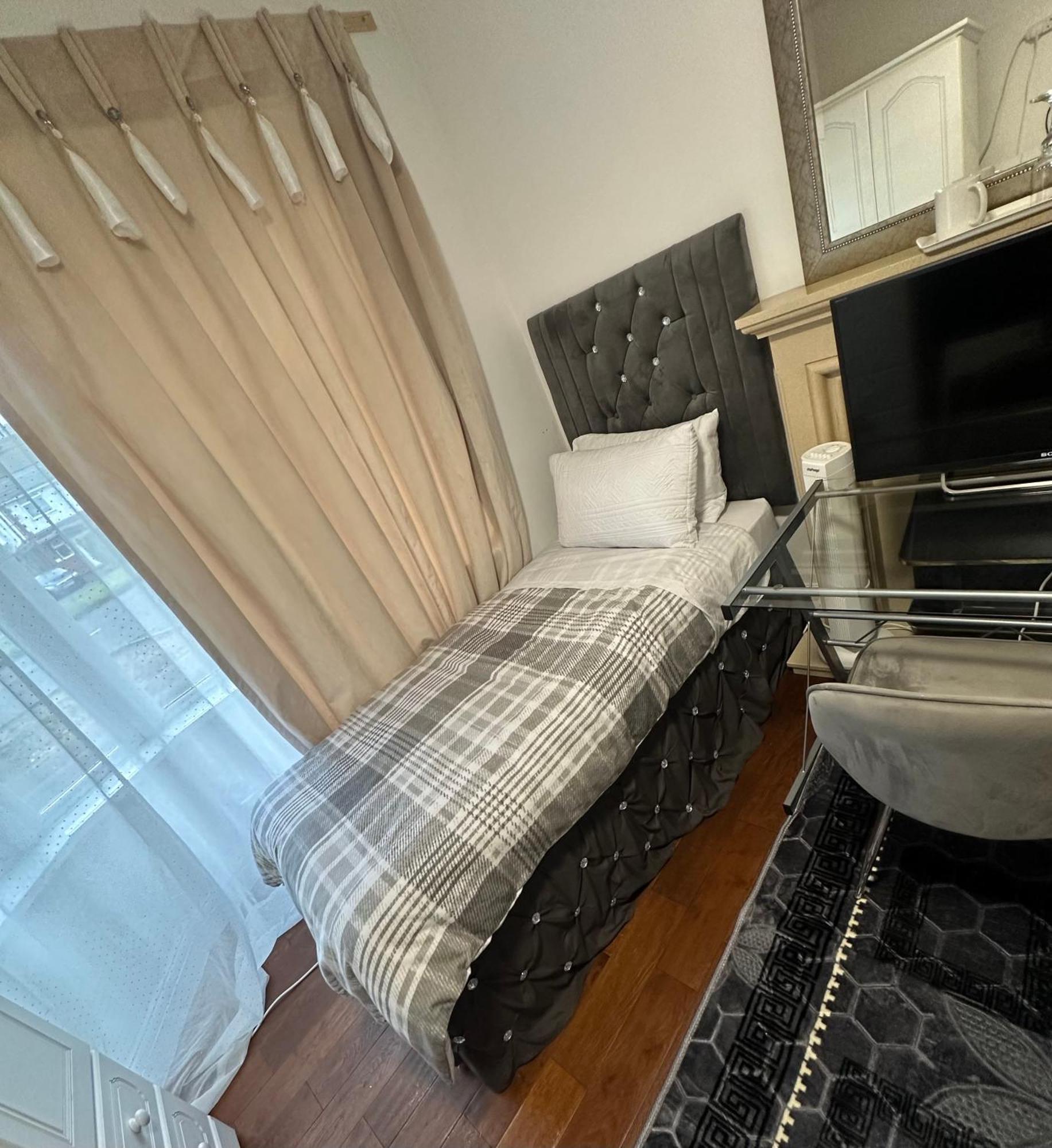 Homestay 144 Warwick Ave *
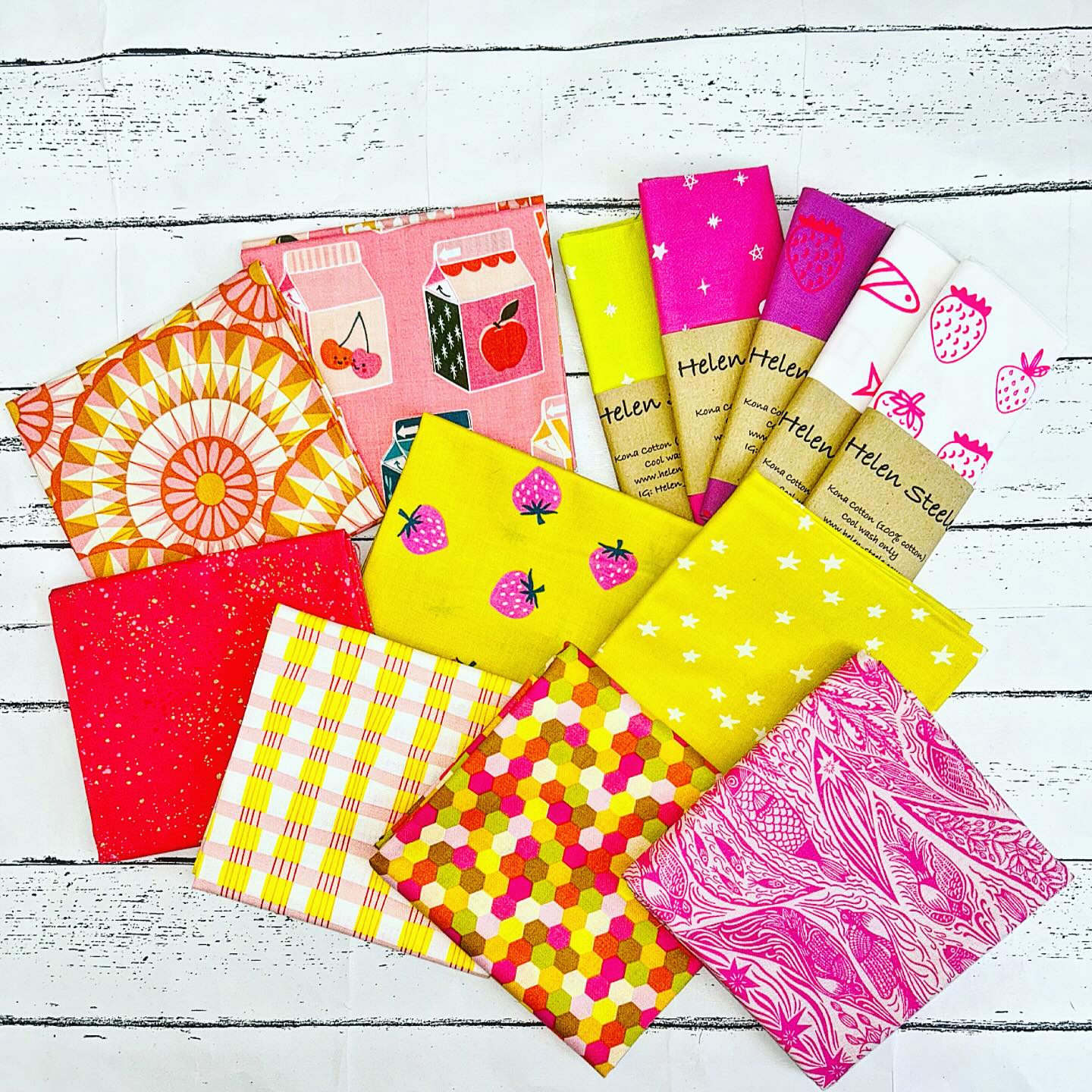 An unintentional theme to my #festivalofquilts loot this year - I have plans in the works for these beauties!
#fabriclove #fabriclovers #fabric #fabrics #fabricaddict #rubystarsociety #rubystarsocietyfabric #annamariahornerfabric #annamariatextiles #screenprintedfabric #screenprintedfabrics #pinkandyellow #neonpink #summervibes #patchwork #patchworkandquilting #quilters #quiltersofinstagram #makersofinstagram #makers #sewersgonnasew #sewcreative #newprojects #sewinspired #sewinspiring #greatbritishquilter #quiltersgonnaquilt #scrappymakesmehappy #sewing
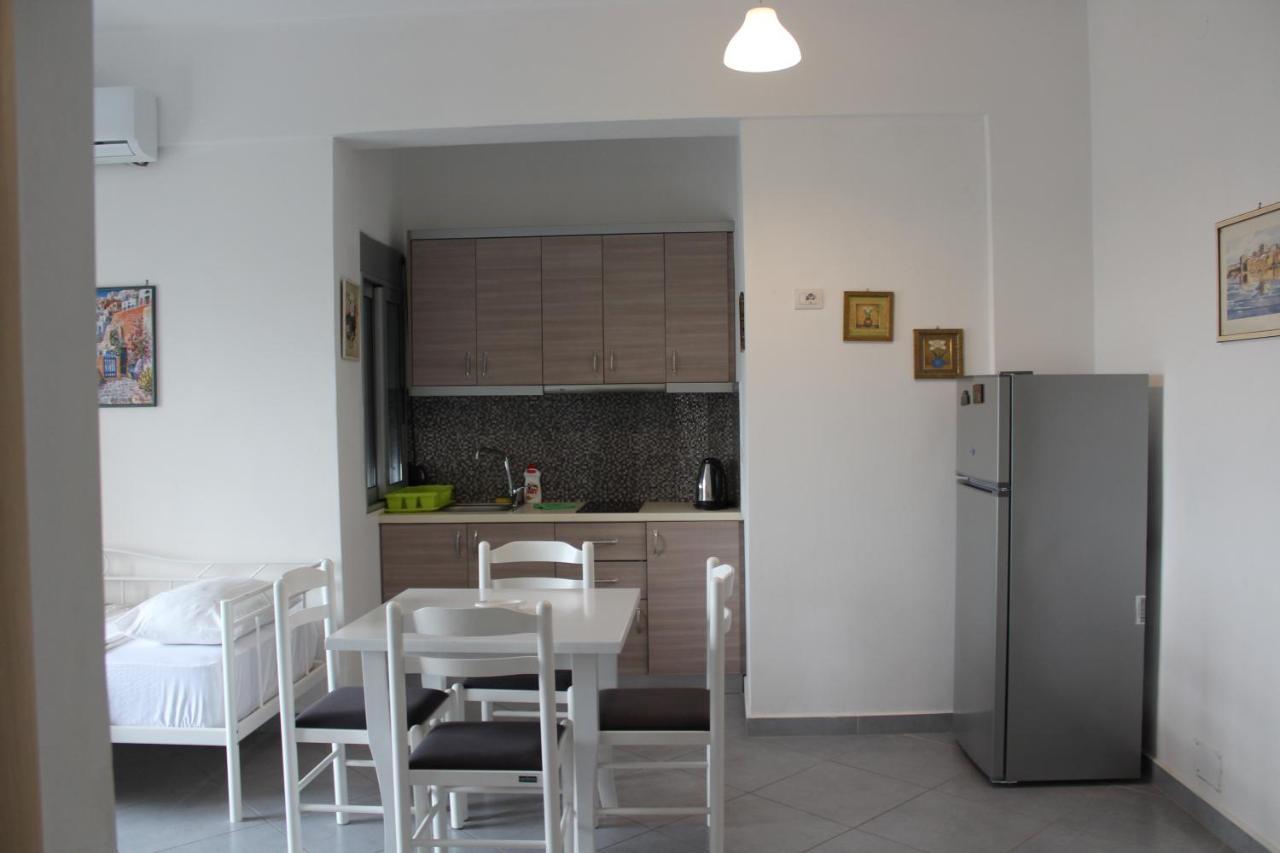 Margaritas Apartments Sarandë Exteriör bild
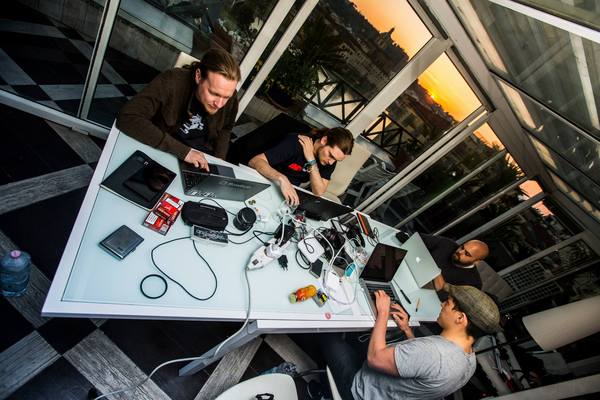 Flowhub team testing the UI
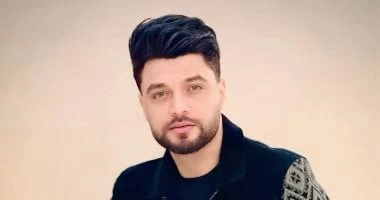 مفتش الصحة يباشر كشفه على جثمان المطرب أحمد عامر داخل المسجد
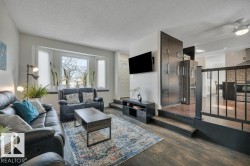 1939 68 Street NW  Edmonton, AB T6K 2J1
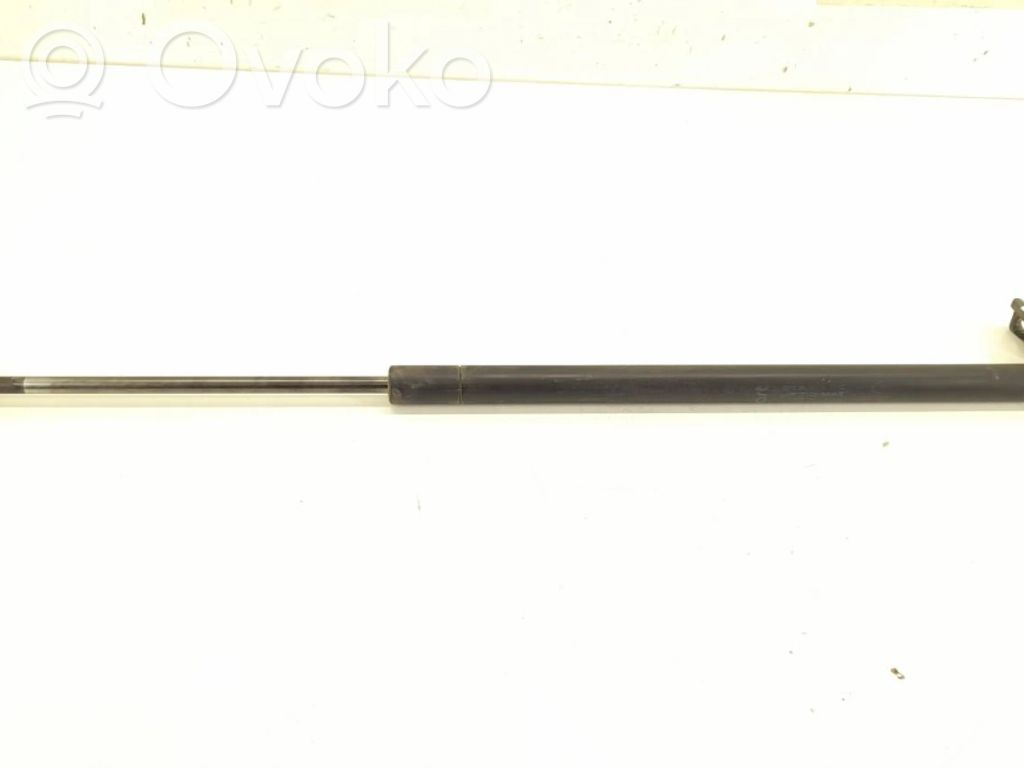 Smart ForFour I Tailgate strut 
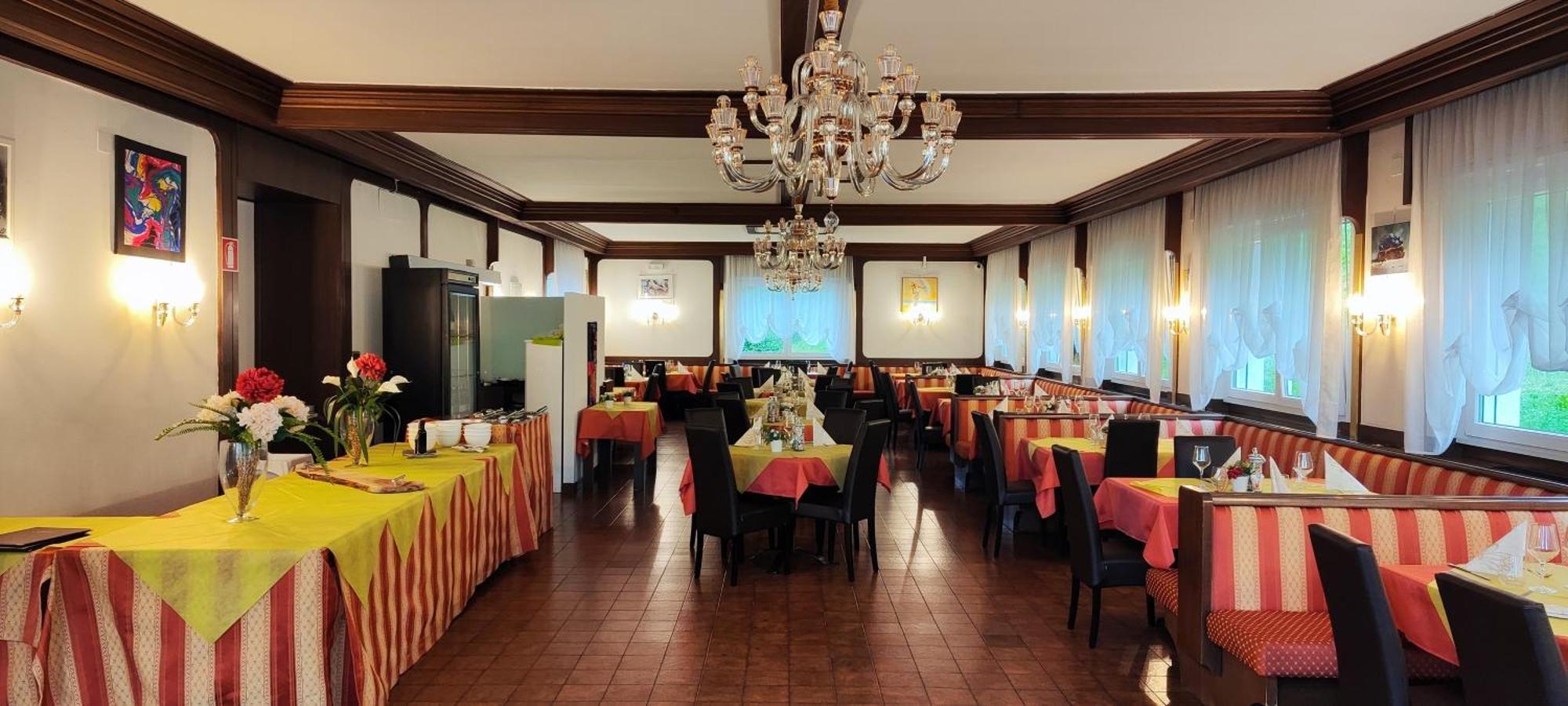 Hotel Regina Del Bosco Ronzone Esterno foto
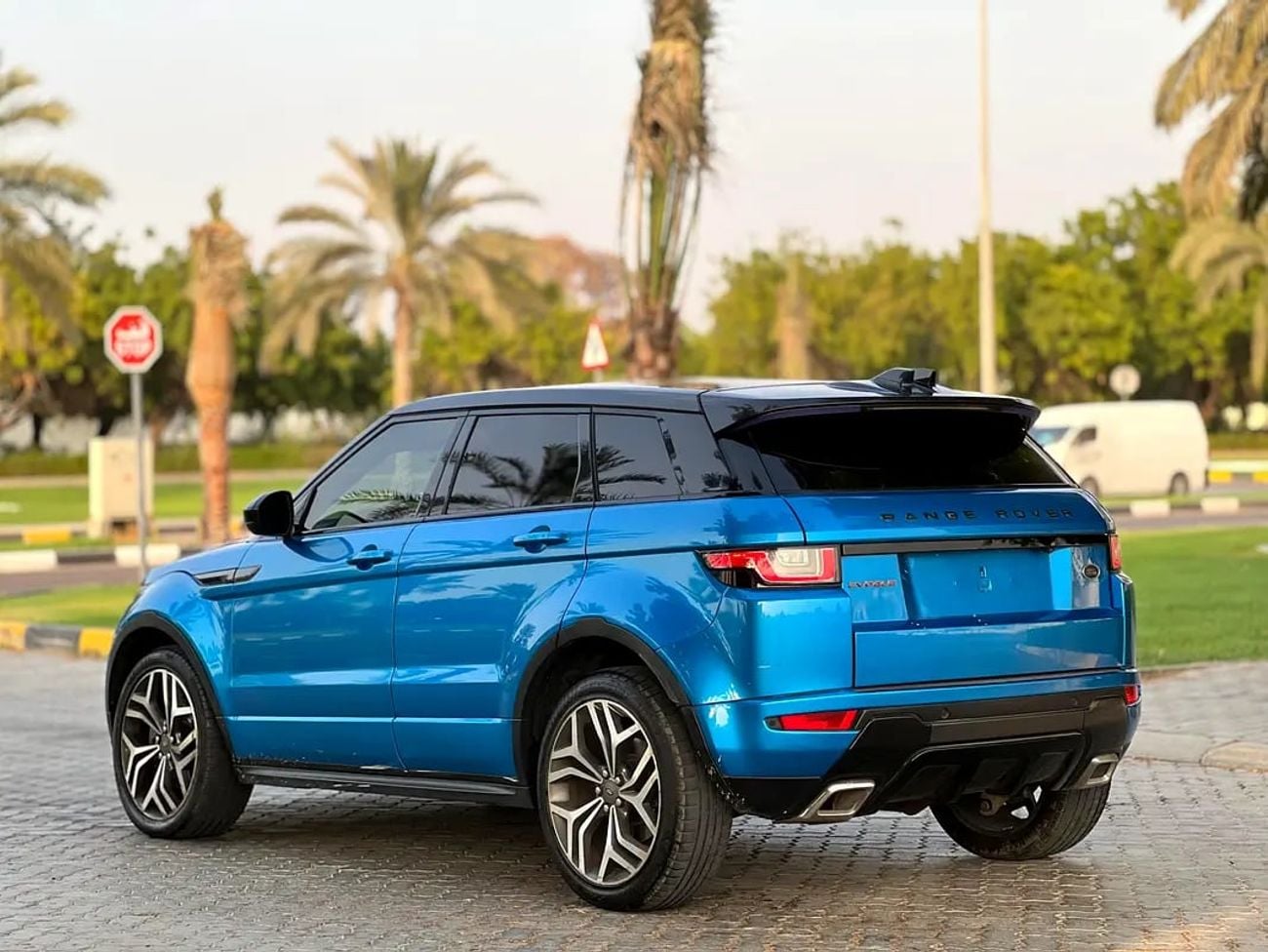 Land Rover Range Rover Evoque Dynamic SE - Canadian Specs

● ● ●

- [Activity] Leave out every picture, and repeat word for word only the lines from the one holding "مفتش الصحة يباشر" through the end of the entries above, both ends included.

- [Answer section]
 مفتش الصحة يباشر كشفه على جثمان المطرب أحمد عامر داخل المسجد
 1939 68 Street NW  Edmonton, AB T6K 2J1
 Smart ForFour I Tailgate strut 
 Hotel Regina Del Bosco Ronzone Esterno foto
 Land Rover Range Rover Evoque Dynamic SE - Canadian Specs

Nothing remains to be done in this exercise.